DATA UNDER STUDY:
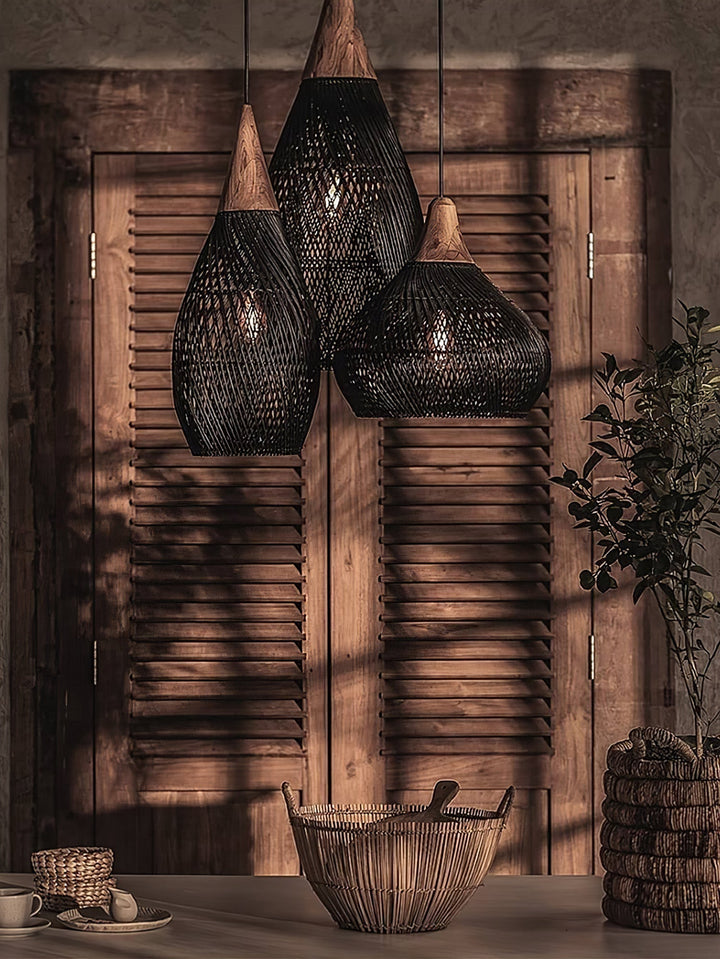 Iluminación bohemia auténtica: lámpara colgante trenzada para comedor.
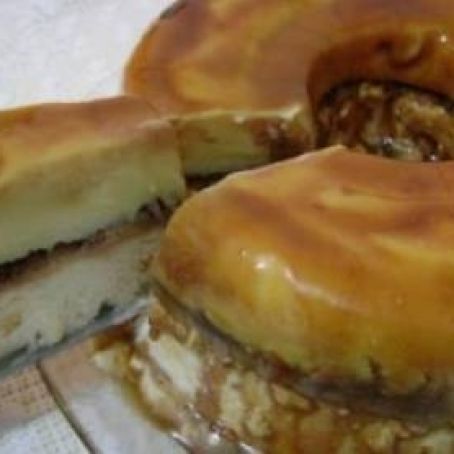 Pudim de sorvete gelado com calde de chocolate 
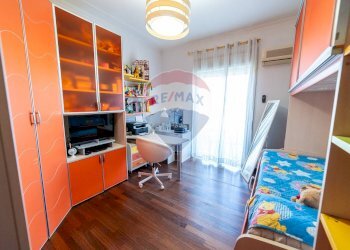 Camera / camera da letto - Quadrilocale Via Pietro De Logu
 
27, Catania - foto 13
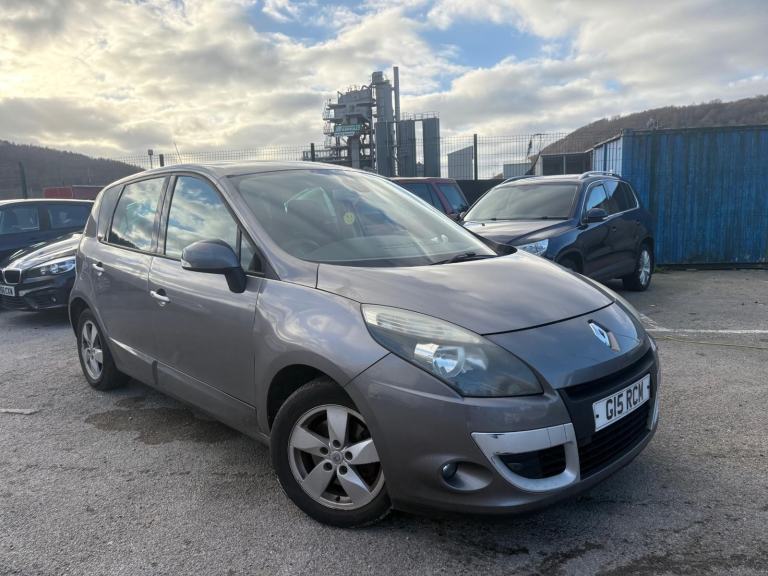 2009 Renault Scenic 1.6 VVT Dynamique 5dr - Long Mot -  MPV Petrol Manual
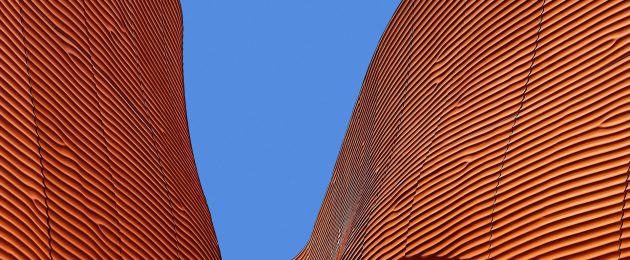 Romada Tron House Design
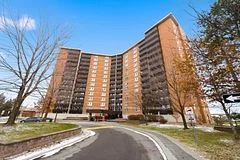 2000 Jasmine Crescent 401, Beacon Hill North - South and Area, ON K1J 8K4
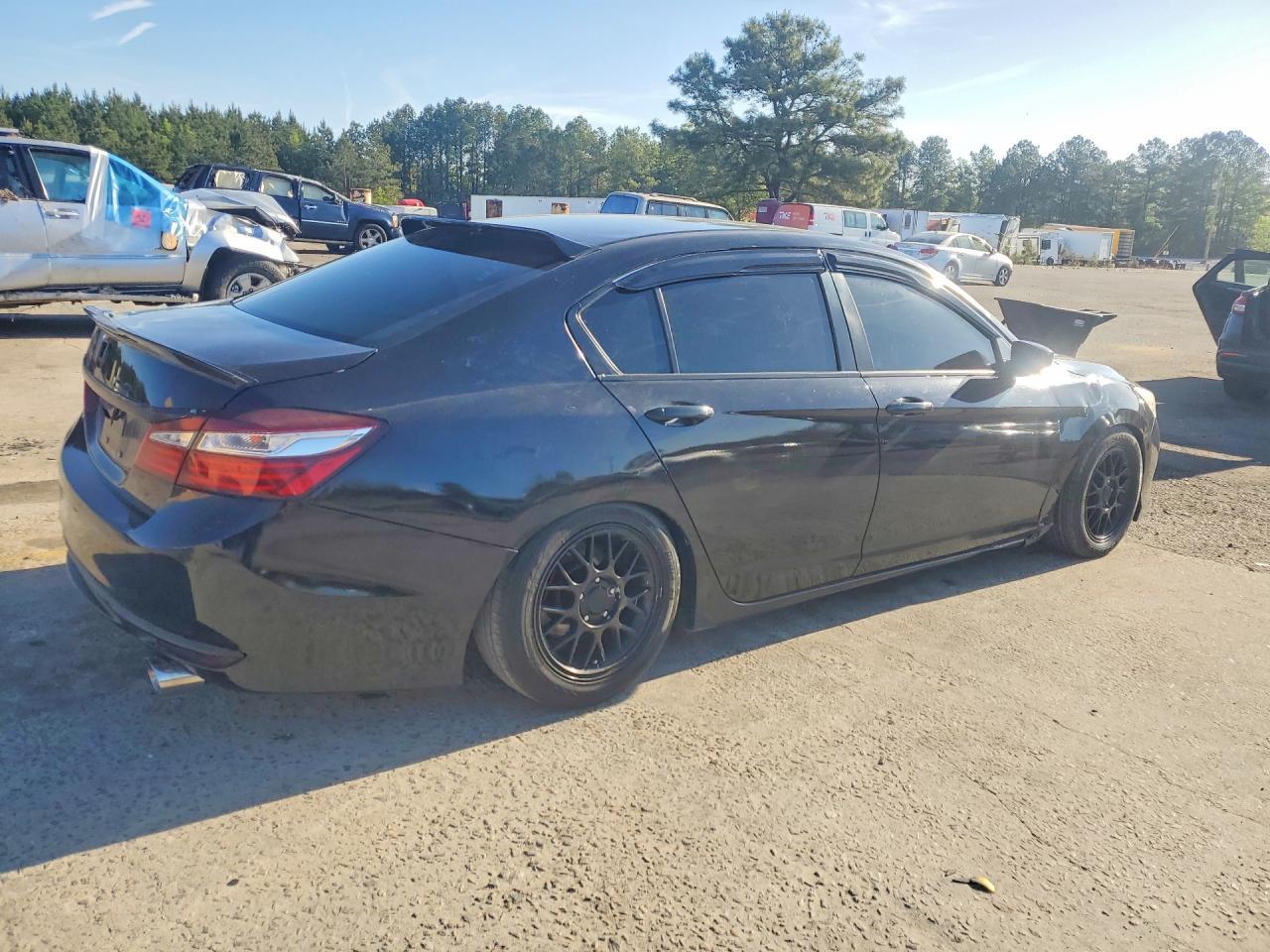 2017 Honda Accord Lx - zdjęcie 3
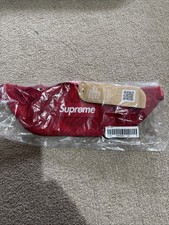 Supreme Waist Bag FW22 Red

* * *

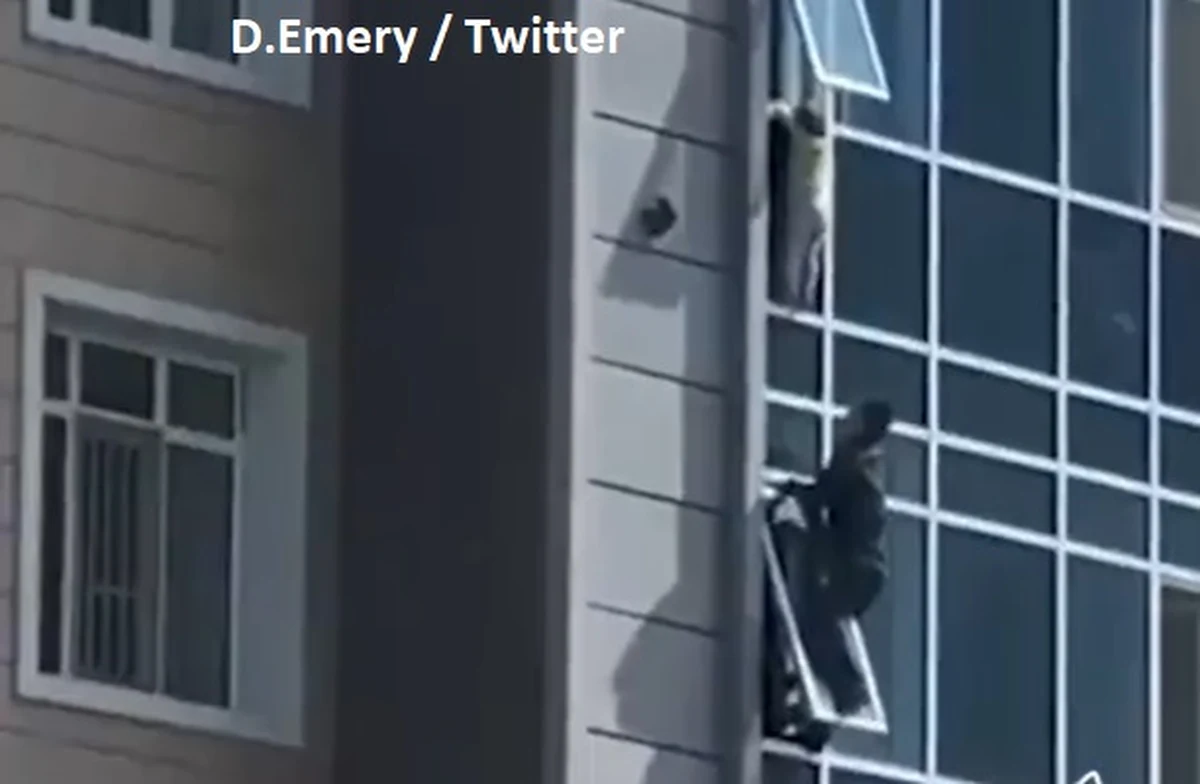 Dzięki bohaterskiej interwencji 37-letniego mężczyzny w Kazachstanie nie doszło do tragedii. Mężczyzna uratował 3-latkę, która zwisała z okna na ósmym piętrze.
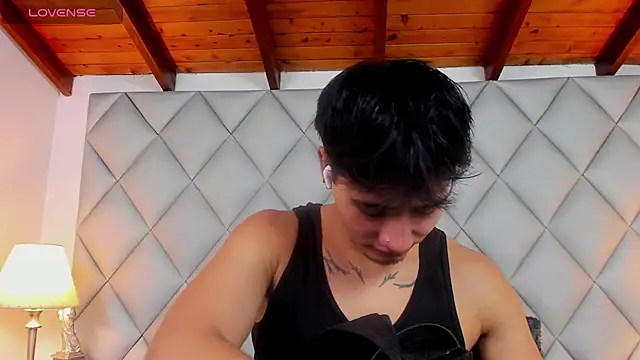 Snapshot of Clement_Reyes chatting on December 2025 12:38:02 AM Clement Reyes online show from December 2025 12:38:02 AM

PROBLEM DESCRIPTION: Copy nothing but the lines above that run from the one with "Dzięki bohaterskiej interwencji" to the one with "Snapshot of Clement_Reyes", ends included; pictures stay out.

ANSWER SECTION:
 Dzięki bohaterskiej interwencji 37-letniego mężczyzny w Kazachstanie nie doszło do tragedii. Mężczyzna uratował 3-latkę, która zwisała z okna na ósmym piętrze.
 Snapshot of Clement_Reyes chatting on December 2025 12:38:02 AM Clement Reyes online show from December 2025 12:38:02 AM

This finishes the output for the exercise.